Author Topic: Open-R1: a Fully Open Reproduction Of DeepSeek-R1 (Read 72 times)

GenevaKort · « **on:** January 31, 2025, 10:14:50 pm »

Hey there! This blog post is an intro to the task, not a claim that we've recreated R1 yet. We're constructing in the open, so as soon as we have evaluation numbers, we'll share them. You can follow our progress on Hugging Face and GitHub.

True, but it appears like there's nothing to be assessed as of today. I assume the ultimate objective is to train a new thinking design and then utilize the exact same assessment metrics as o1 and the DeepSeek-R1.

Well, there need to be at least some peace of mind check and validation to make sure the design was trained properly.

Oh yes, if you are speaking about the assessment number of deepseek's model it's coming very quickly!

As mentioned in the post there is no model called Open-R1 to evaluate at all ... not yet anyway. This is a blog site detailing that Hugging face will take the R1 Deepseek model, exercise how it was constructed as outlined in the paper and from what they released, and after that duplicate that process.

in truth this is pretty much how science works ... A comes up with a strategy, discovery or development and it is checked by B, C and D to see if it is reproduceable. Thats been the foundation of research now for a couple of centuries.

This blog is not saying they have actually already done so ... Its a blog site describing an intent to start training a model like R1 and calling it Open-R1.

Also DeepSeek-R1 was just launched recently, and even in their paper they outlined the compute hours required. While those are low calculate hours for a SOTA model this does not imply you can train said design in a week. I 'd personally love to be able to train a transformer model in a week, but we may require to wait a while for that level of compute innovation.

So there are no benchmarks for a model that has not been constructed yet right? As laid out in the blog, and again in reply to your question.

However fear not, there is a GitHub Repo currently and factors (hell I might join myself), some prelim work done, and a master plan. A good starting position.

n
@edbeeching
has actually evaluated the released designs currently

( src: https://x.com/edwardbeeching/status/1884273209136275742)

R1 simply trained on o1 outputs, so jointly .../ s. This is what the new AI czars are stating

Hi!

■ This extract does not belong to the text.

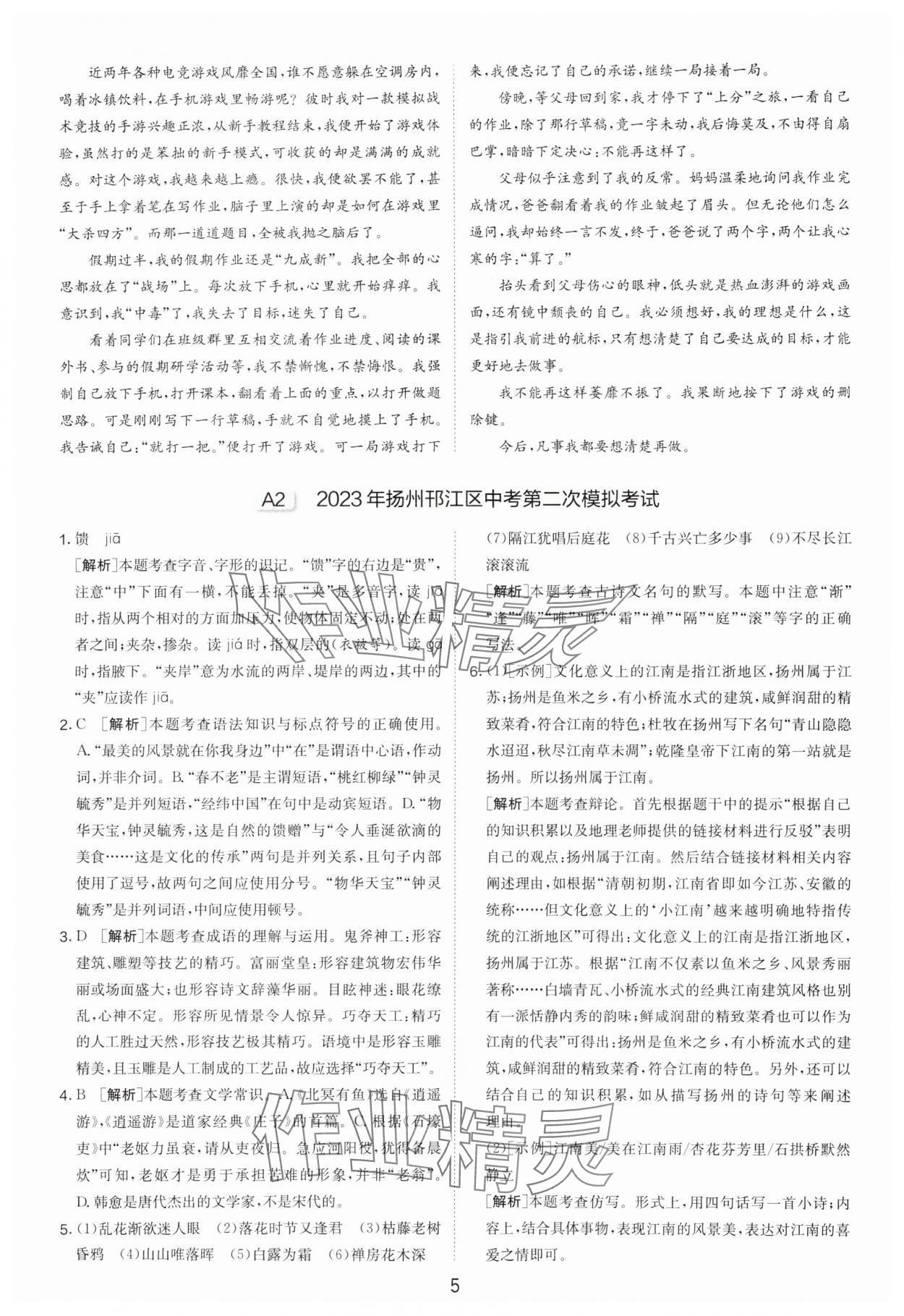 2024年制勝金卷中考語文揚(yáng)州專版 參考答案第5頁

This blog site post is an introduction to the task, not a claim that we've reproduced R1 yet. We will totally share the missing out on piece when we have them, you can expect the designs and datasets to be upload in this Hugging Face org and the code to be in this GitHub repo

That's great and crucial to understand this incredible hype that does not have technical understanding and explanation. Science has to do with recreation, and if they declare to be open, let them fullfill the open part.

Please do release the training cost.

We will!

Excalidraw Hi n
@bojan2501
thanks, we will indeed be working hard to make sure this training recipe can work for little language designs on customer hardware given that not everybody has a cluster of H100s at home:-RRB- The tool we used for the images was Excalidraw! https://excalidraw.com

eagerly anticipating it! WTF are your discussing?

should be a joke

It's really cool to see how the entire open source community comes together!

Ops ...

5.5 M is number reporter in the deepseekv3 tech report (simply the training, not the experiment afaik), for R1 difficult to estimate tbh but much less than 5.5 M imo

Historically, they have actually never released code or datasets of their LLM training, so I would not expect this time to be various. If they would launch it that would be remarkable of course!

Yes of course!

So essentially you're asking to replace existing censorship with another flavour of censorship?

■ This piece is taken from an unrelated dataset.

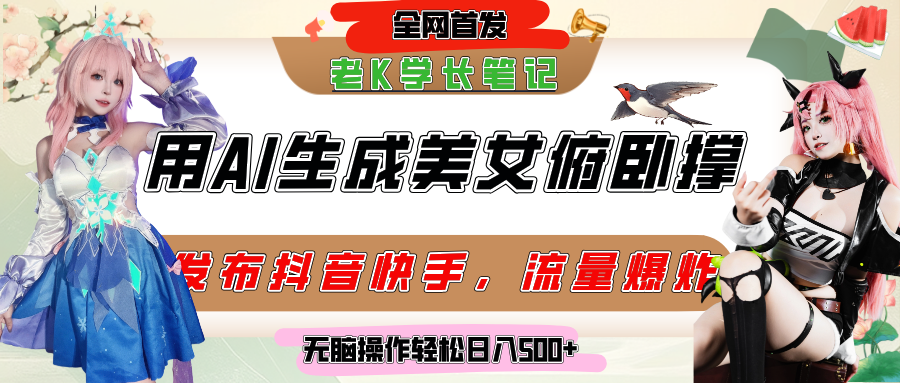 巧用AI让美女做俯卧撑，发布社交平台轻松涨粉变现，流量爆炸，挂抖音橱窗卖货，轻松实现日收入破500+创业吧-网创项目资源站-副业项目-创业项目-搞钱项目创业吧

The code for the models are inside the model repositories, e.g. for V3: https://huggingface.co/deepseek-ai/DeepSeek-V3/blob/main/modeling_deepseek.py

Hello Team, I'm Ray Bernard, the author and developer of EQUATOR. My research study team will be working on a paper focused on reproducing particular parts of DeepSeek R1. Our goal is to reproduce the cold start and supply your group with a dataset that consists of COT and other strategies to support these efforts. We like to contribute our work to assist. Please let me understand if you find this beneficial. Best, Ray Bernard https://www.facebook.com/groups/1186310571520299/

Where is the evaluation numbers? without it you can't call it recreation.

8 replies

True, however it looks like there's absolutely nothing to be examined as of right now. I presume the ultimate goal is to train a brand-new reasoning model and after that use the very same examination metrics as o1 and the DeepSeek-R1.

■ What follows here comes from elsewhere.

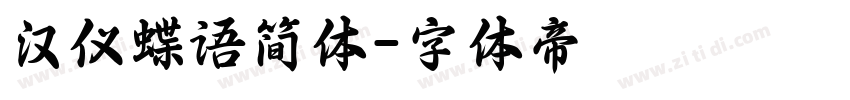 汉仪蝶语简体字体转换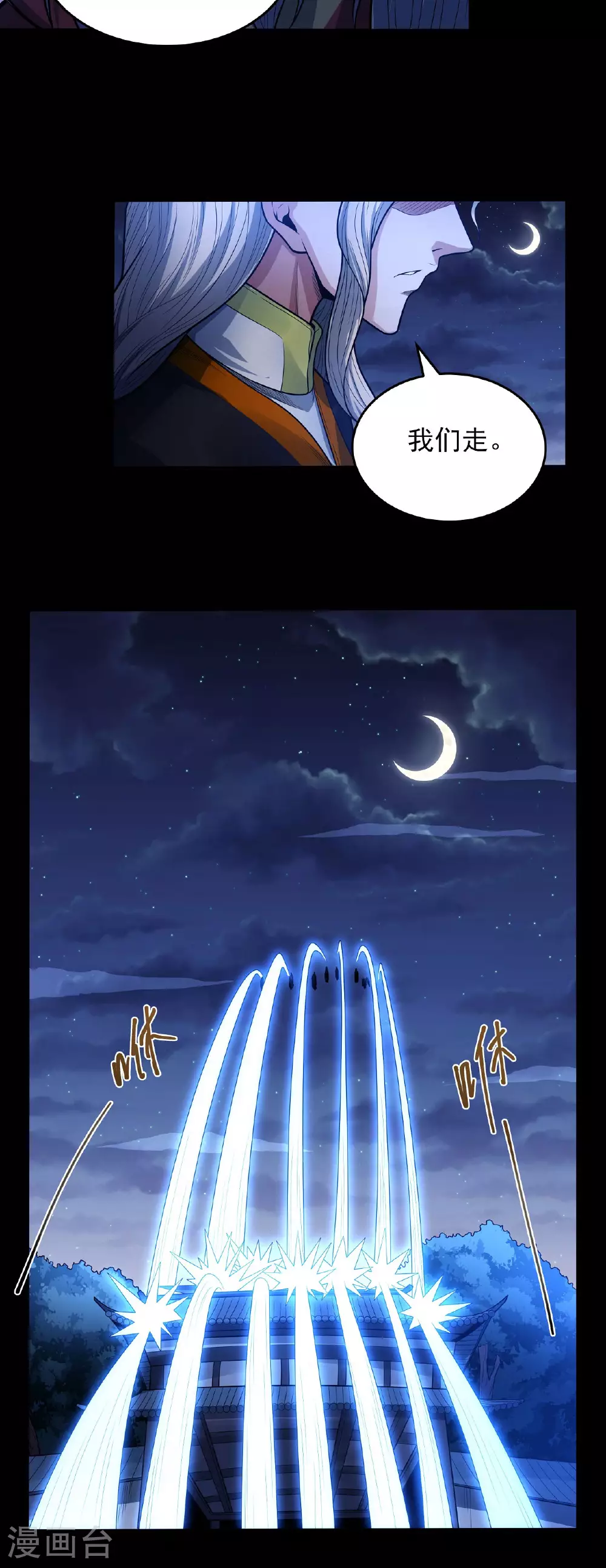 第204话2 跟踪 第19页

That's quite intriguing, I was asking myself why the concerns the author exposed here are not being asked by others? I think the work they have actually done is unforgettable but at the same time I wonder why they would not put these missing out on pieces on if they are supposed to be fully open.
Why even without recreation and comprehension of the innovation they could affect a lot the marketplace in this way?

4 replies

Hi! This article is an intro to the job, not a claim that we have actually recreated R1 yet. We will absolutely share the missing out on piece when we have them, you can anticipate the models and datasets to be upload in this Hugging Face org and the code to be in this GitHub repo

Interesting read, and it is excellent that we see more effort into this direction: more optimization and less brute force.
Also question what tool did the author usage for creating action diagram.

2 replies

Excalidraw I'm so thankful that effort like this currently exist, I'm gon na try to contribute:-RRB- 1 reply

looking forward to it! So racist articel

2 replies

WTF are your talking about?

Awesome to have this open recreation began!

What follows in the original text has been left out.